Abu Mazen grida al golpe ma non sa come reagire

Il presidente dell’Anp non sa decidersi a sciogliere il governo di unità nazionale e chiede solo una tregua

Cosa fare non lo sa neppure lui. Come sempre Mahmoud Abbas (noto anche col nome di battaglia di Abu Mazen) è diviso, combattuto, lacerato tra il suo ruolo di presidente, garante degli accordi nazionali e internazionali, e quello di capo di Fatah, una delle due fazioni coinvolte nella guerra civile. Così il presidente prima accusa Hamas di cercare il colpo di Stato, poi invoca l’ennesimo fragilissimo cessate il fuoco. I suoi non si accontentano. Lo tirano per la giacca, lo spingono a metter fine a quel governo di unità nazionale diventato pudica finzione, ultimo emblema istituzionale di una guerra per bande.
Su quell’ultimo passo Abbas, come sempre, non decide. Compierlo significherebbe metter fine agli accordi della Mecca dello scorso marzo, mancar di rispetto alla mediazione saudita, ignorare i tentativi egiziani di trovare l’ennesima temporanea intesa. Significherebbe sancire la divisione tra Gaza, dove Hamas può governare con la forza delle armi, e la Cisgiordania dove Fatah può ancora garantire un barlume d’amministrazione. Cancellare l’esile collante istituzionale di quel governo fantoccio equivarrebbe a sancire la supremazia delle fazioni armate. Dell’una e dell’altra parte. Significherebbe decretare anche il proprio suicidio politico. E forse non solo quello. Abbas si accontenta quindi di gridare al golpe e di invocare la fine dei combattimenti.
«Nella mia posizione di capo dell’Autorità palestinese e delle forze di sicurezza dichiaro un immediato cessate il fuoco per proteggere i più alti interessi nazionali e fermare questo bagno di sangue», annuncia il presidente.
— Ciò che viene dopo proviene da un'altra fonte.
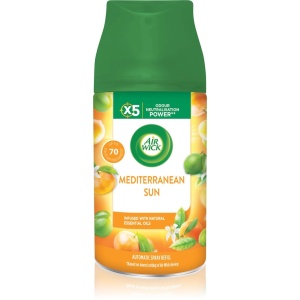 Curatenie, air wick | Rezerva odorizant automat de camera mediterranean sun air wick, 250 ml | 1001cosmetice.ro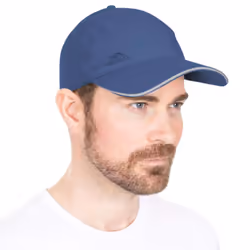 Trespass Cosgrove - Casquette - Homme (Bleu marine)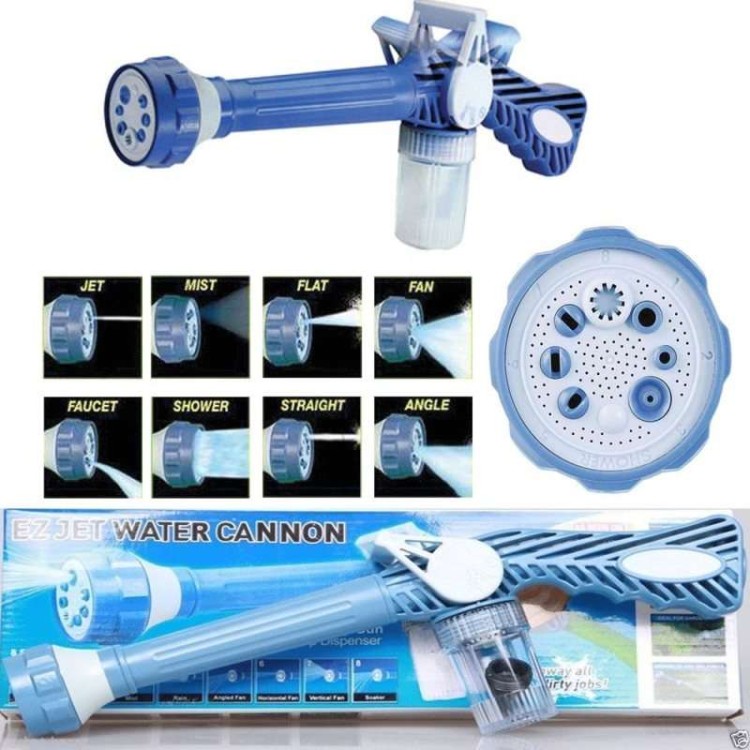 Ισχυρό Πιεστικό Νερού με δοχείο για σαπούνι EZ Jet Water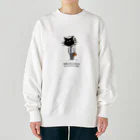 Ryuthirdの暗黒面 Heavyweight Crew Neck Sweatshirt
È un fiato nella tempesta. Non ferma mezza pallottola, ma amplifica la disperata impotenza, la recidiva inadeguatezza di quel burocrate diventato presidente. E poco serve che Abbas se la prenda con «un piccolo gruppo di dirigenti» pronti a trascinare il Paese «in un’orribile guerra civile». Una parte di quei dirigenti, quelli messi da lui stesso alla testa dei servizi di sicurezza di Fatah, garantiscono la sua sopravvivenza. Fisica e politica. Per soddisfarli il presidente aveva firmato il comunicato che accusava Hamas di progettare un colpo di Stato. «Tutto indica che una fazione a cui appartiene la dirigenza politica e militare di Hamas sta complottando contro la legittimità».
Parole durissime, che di logica implicherebbero la fine del governo di coalizione. Ma cancellare il governo significa rinunciare ai rapporti internazionali, agli aiuti e alla stessa legittimità. Significa affidarsi a delle ipotetiche elezioni che nessuno riuscirà più a organizzare. Non almeno a Gaza. Meglio dunque affidarsi all’illusione di un ennesimo temporaneo cessate il fuoco. Un miraggio in cui non crede neppure il generale egiziano Burhan Hamad arrivato dal Cairo per convincere le due parti a trattare. «Sembra non vogliano neppure discuterne – ripete il frustrato e arrabbiato generale - devono vergognarsi di loro stessi, hanno ucciso la speranza e stanno uccidendo il proprio futuro».